Of the records that follow, copy only the lines from the line containing "Bold Brown and" to the line containing "Thin rice noodles", both included, exactly as written.

Data extracts »
*** Begin section ***
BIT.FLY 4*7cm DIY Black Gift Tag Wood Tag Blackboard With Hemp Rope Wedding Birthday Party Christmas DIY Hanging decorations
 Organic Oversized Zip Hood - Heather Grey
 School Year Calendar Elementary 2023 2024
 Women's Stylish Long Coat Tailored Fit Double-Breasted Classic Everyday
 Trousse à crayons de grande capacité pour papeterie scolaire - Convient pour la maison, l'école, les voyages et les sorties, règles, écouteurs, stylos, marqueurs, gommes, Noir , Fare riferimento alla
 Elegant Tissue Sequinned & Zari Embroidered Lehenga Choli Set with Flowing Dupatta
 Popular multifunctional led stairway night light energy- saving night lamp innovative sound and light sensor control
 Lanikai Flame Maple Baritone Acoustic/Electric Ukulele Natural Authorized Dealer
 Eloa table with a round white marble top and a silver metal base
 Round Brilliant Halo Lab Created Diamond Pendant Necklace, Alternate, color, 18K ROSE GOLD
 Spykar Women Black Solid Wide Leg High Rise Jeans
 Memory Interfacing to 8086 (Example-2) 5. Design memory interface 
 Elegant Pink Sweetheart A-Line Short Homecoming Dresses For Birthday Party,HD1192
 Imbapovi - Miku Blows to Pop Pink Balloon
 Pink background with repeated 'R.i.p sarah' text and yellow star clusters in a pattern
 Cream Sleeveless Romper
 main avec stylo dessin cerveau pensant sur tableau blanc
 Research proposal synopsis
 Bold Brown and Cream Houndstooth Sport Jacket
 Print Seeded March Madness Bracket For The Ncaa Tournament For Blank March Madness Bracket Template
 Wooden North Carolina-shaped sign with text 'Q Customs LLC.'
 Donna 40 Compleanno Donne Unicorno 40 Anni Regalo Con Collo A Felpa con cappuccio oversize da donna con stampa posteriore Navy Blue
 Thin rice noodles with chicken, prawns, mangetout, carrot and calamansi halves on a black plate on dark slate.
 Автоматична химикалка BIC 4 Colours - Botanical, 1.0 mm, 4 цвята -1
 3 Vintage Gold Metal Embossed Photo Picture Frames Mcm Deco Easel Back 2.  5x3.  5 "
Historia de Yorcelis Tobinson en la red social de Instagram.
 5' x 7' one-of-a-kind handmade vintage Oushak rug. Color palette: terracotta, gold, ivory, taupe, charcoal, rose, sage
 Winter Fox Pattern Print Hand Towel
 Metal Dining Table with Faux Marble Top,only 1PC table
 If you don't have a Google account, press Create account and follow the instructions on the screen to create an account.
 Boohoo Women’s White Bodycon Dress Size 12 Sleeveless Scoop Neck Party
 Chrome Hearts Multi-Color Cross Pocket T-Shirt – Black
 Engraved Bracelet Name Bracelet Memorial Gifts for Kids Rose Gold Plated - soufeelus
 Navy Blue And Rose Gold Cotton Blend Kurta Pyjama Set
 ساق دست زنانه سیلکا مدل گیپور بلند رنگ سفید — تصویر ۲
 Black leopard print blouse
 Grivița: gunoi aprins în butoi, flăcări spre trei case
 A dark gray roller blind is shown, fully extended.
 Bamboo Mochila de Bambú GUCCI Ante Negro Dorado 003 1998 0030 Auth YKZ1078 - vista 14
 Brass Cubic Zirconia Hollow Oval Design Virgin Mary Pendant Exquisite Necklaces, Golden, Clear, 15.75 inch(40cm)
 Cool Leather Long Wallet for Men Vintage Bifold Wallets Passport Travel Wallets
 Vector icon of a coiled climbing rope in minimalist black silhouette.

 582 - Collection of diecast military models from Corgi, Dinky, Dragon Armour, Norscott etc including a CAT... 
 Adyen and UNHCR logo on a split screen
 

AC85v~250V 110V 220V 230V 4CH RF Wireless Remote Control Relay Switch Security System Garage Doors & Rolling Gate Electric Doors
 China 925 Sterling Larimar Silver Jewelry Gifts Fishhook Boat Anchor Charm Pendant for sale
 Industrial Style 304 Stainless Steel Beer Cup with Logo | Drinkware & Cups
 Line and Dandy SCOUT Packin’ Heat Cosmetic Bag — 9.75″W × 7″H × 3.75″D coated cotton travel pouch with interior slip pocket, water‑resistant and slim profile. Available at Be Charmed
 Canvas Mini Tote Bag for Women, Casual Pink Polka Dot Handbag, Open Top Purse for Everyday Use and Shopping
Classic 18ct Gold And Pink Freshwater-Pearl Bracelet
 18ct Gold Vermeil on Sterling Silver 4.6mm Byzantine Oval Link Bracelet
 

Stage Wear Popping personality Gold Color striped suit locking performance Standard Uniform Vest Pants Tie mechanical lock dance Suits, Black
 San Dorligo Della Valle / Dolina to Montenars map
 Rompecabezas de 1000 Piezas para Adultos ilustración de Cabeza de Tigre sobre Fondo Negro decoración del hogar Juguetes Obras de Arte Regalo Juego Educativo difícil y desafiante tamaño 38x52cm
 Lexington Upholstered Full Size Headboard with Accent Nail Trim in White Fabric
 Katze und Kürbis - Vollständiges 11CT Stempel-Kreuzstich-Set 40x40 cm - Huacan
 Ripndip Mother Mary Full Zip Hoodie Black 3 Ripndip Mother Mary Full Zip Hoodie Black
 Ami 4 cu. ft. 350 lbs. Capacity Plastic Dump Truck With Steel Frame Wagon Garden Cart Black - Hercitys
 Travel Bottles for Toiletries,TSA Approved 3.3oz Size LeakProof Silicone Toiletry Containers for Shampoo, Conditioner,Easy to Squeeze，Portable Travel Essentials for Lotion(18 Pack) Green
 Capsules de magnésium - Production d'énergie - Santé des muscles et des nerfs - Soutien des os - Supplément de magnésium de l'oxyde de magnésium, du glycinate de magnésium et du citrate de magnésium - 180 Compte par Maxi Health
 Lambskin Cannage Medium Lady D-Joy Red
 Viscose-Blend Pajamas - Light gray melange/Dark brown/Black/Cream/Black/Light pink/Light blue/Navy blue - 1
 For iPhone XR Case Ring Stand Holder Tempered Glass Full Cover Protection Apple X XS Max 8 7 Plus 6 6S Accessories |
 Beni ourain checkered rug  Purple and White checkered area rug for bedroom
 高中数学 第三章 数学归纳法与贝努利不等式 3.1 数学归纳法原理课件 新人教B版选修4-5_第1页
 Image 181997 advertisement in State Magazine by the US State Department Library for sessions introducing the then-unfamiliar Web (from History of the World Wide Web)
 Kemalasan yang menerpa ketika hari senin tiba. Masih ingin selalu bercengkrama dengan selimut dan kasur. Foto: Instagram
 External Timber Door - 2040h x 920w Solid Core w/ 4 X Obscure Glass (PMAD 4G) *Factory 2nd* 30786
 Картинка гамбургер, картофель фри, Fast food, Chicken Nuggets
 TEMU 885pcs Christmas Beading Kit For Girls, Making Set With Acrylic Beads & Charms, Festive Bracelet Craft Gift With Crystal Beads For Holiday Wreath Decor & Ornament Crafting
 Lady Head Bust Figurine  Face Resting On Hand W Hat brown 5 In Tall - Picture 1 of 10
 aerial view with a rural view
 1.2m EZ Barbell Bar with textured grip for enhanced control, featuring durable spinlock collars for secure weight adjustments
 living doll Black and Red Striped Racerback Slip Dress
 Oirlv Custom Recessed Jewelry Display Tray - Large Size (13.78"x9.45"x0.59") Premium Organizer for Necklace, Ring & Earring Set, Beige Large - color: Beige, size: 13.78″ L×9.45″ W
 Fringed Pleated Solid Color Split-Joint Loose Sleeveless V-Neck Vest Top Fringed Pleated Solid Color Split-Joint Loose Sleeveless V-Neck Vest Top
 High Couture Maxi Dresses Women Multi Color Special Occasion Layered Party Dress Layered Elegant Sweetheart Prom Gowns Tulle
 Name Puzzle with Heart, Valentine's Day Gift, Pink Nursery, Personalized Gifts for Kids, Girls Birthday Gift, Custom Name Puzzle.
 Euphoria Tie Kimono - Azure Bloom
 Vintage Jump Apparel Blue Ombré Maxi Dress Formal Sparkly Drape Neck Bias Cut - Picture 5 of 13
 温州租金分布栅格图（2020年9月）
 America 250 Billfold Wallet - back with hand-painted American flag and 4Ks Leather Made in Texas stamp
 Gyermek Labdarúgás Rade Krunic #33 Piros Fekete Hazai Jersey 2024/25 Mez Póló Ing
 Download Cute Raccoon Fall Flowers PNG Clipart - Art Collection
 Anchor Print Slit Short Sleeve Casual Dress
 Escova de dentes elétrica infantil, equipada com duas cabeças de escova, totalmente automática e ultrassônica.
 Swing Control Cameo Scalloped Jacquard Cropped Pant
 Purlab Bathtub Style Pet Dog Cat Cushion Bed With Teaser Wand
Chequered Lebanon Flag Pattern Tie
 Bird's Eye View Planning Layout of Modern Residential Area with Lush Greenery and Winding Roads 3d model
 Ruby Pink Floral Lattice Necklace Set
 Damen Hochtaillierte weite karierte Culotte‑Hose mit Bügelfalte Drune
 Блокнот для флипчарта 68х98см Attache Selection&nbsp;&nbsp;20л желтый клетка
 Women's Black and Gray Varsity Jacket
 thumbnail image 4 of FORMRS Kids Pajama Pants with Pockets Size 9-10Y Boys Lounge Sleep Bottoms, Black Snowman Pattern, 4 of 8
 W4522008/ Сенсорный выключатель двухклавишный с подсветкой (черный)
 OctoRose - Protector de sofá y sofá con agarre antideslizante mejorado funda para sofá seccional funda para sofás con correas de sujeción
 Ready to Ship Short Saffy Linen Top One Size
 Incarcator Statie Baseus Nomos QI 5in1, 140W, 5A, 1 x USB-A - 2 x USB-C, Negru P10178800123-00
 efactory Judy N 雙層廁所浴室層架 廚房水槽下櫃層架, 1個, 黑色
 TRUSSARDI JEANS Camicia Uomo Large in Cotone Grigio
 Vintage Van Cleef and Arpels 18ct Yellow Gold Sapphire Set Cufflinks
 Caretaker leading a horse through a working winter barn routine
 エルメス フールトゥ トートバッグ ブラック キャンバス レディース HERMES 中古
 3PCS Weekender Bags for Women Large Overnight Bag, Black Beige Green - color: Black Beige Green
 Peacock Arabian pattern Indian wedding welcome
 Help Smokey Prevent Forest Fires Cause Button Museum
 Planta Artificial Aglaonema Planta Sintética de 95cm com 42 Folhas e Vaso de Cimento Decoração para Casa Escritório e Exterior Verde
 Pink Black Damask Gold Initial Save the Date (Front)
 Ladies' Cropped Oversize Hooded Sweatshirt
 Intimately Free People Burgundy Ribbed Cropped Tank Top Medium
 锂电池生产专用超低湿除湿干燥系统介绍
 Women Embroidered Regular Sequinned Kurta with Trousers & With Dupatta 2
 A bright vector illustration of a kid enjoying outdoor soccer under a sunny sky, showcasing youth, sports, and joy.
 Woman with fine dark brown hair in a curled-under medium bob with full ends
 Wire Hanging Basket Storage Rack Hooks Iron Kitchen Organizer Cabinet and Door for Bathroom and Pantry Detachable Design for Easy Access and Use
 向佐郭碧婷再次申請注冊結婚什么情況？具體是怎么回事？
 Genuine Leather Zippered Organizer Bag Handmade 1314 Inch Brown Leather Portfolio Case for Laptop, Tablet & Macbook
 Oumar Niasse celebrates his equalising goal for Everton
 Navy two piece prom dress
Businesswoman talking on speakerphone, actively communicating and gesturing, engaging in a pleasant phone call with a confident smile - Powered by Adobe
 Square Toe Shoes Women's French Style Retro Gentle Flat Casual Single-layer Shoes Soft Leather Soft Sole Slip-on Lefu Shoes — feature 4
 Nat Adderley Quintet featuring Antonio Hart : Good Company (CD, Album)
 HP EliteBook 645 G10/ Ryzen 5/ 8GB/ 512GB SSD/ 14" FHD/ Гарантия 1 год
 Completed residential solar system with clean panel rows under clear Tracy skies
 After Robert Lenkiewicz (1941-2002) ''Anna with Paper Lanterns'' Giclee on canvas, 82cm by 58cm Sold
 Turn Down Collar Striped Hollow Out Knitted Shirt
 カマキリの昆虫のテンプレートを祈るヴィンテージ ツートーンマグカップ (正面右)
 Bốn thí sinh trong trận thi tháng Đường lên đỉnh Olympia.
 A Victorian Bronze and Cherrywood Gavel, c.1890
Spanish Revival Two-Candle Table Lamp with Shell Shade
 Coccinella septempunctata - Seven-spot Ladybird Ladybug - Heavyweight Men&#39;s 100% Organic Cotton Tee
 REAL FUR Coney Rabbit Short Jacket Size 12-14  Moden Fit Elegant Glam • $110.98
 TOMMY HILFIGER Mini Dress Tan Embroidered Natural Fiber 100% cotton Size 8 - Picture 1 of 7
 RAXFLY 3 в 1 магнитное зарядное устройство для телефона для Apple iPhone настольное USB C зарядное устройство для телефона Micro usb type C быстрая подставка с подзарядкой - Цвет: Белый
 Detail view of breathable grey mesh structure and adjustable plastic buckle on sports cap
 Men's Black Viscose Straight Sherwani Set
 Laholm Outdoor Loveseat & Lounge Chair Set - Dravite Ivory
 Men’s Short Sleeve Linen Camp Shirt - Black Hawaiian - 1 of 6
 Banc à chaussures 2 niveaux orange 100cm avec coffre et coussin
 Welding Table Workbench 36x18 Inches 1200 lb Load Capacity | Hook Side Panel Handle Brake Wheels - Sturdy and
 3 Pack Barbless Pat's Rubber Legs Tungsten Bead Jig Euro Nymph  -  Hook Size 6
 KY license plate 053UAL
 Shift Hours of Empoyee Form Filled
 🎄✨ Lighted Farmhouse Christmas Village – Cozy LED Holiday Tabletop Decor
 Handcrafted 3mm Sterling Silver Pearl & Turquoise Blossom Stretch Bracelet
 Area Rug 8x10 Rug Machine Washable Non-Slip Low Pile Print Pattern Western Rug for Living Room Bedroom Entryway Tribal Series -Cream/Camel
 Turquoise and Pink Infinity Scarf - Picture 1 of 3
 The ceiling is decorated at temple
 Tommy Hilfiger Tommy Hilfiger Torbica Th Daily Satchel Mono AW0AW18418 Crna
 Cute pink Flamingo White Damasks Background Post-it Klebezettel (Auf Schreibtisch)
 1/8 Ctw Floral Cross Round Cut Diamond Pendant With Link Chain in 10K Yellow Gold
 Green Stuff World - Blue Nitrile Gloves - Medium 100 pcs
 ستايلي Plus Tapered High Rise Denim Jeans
*** End section ***
The completed task »
 Bold Brown and Cream Houndstooth Sport Jacket
 Print Seeded March Madness Bracket For The Ncaa Tournament For Blank March Madness Bracket Template
 Wooden North Carolina-shaped sign with text 'Q Customs LLC.'
 Donna 40 Compleanno Donne Unicorno 40 Anni Regalo Con Collo A Felpa con cappuccio oversize da donna con stampa posteriore Navy Blue
 Thin rice noodles with chicken, prawns, mangetout, carrot and calamansi halves on a black plate on dark slate.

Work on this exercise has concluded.